The Last Supper: Redux
Call it superstition or post-traumatic response, but I haven’t been to a Greek restaurant nor ordered it for delivery since March 14, 2009.
It was the last meal Alberto and I shared, and I still have our delivery order written in my Sharpie handwriting: scallops and salad for me; an order of saganaki and a gyro platter with an extra side of gyro meat for him.
This weekend found me at Alberto’s sister’s place in Jersey, sprawled between my mom-in-law and niece, overhearing take-out options.
We’re not doing Italian again, Barby says.
We can do whatever you want, replies Anthony, her Italian husband.
There’s Greek. Chinese? What about Mexican? Barby suggests.
No good Mexican places nearby, says Tony.
Fine. What sounds good?
This banter continues for another five minutes.

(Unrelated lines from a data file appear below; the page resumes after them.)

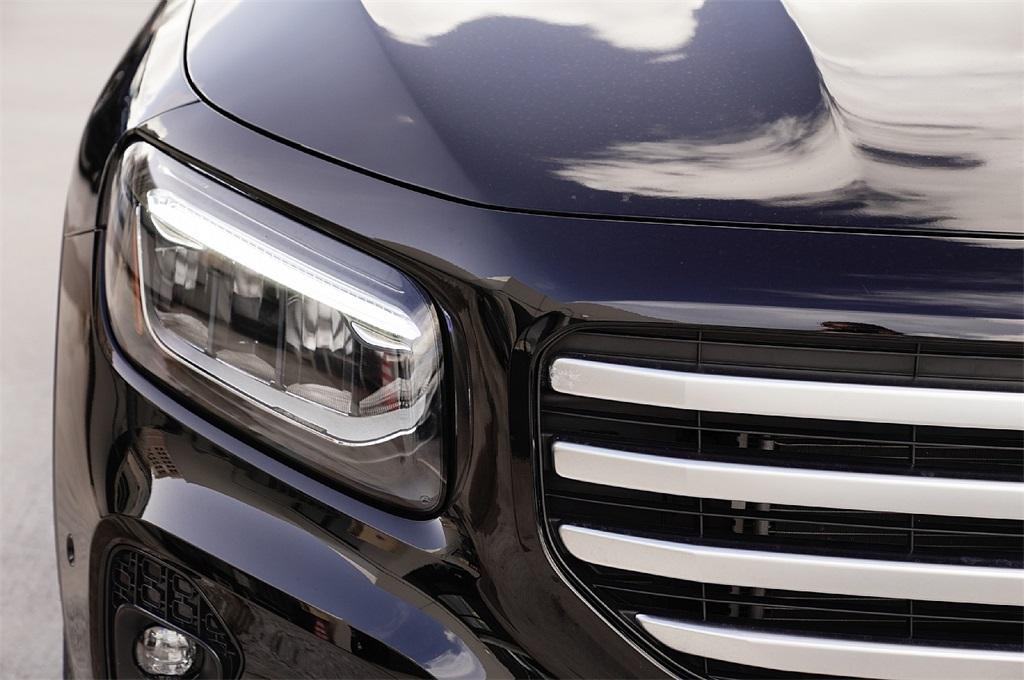 used 2024 Mercedes-Benz GLB 250 car, priced at $39,628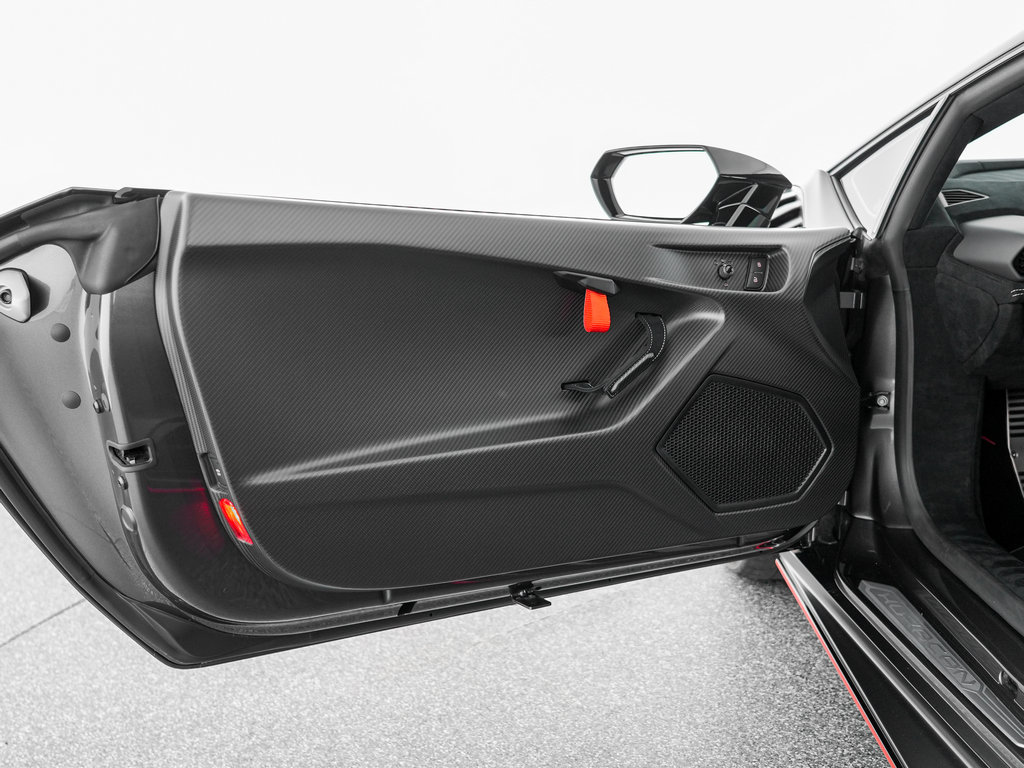 2023 Lamborghini Huracan STO - Photo 13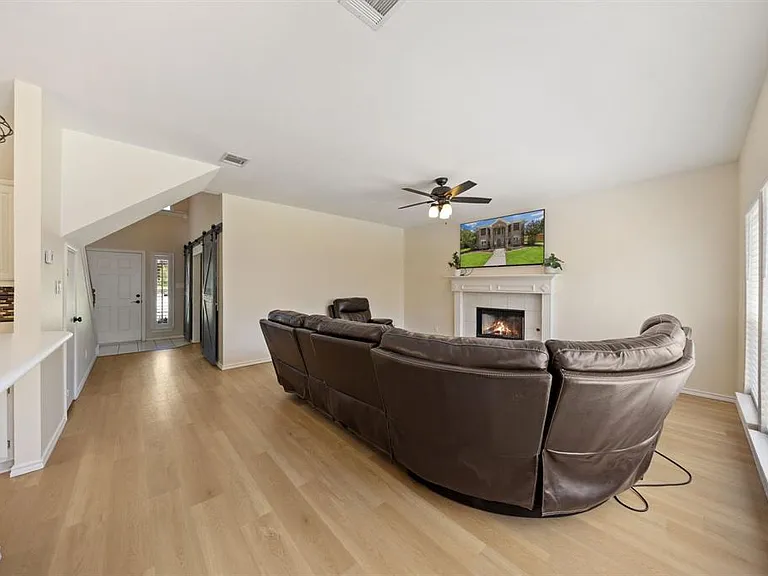 4216 Mulberry Dr — Photo 13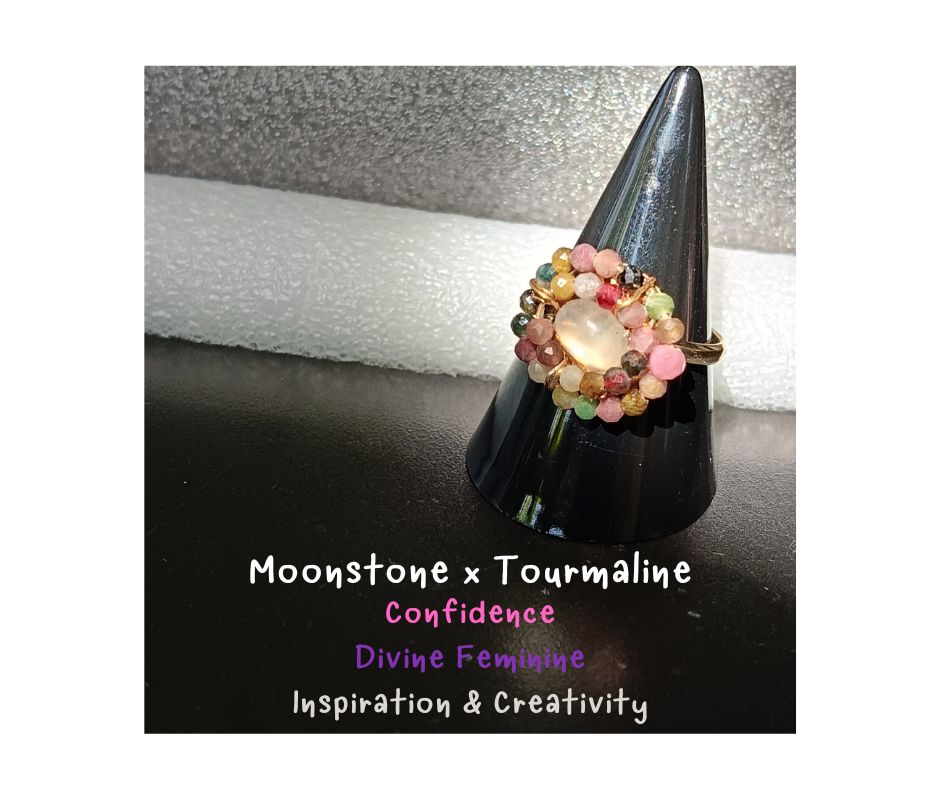 Moonstone x Tourmaline Wire Wrapped Ring แหวนหินแท้ (เสริมเสน่ห์เพศหญิง ปลดล๊อคพลังงาน เสริมความเฮง)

I’m hungry enough to choose for them.
What does Tré think we should have? Barby asks.
The room looks at me.
Greek, I say, half-surprising myself.
I do not explain the significance of ordering Greek when Barby hands me a menu. Nor when the food arrives with Anthony’s gyro platter and extra side of gyro meat. Or Barby’s order of saganaki.
Instead, I inhale scents I’ve avoided for nearly four years.
(Alberto’s last meal.)
Note the faces and voices around me.
(Replicated with his mother, sister, goddaughter.)
When Barby offers me the last wedge of saganaki, I do not say no.
Slowly, deliberately, I slice it in two and share it with his mother, whose yummmm is like hearing the voice of a long-lost lover from somewhere in a crowd.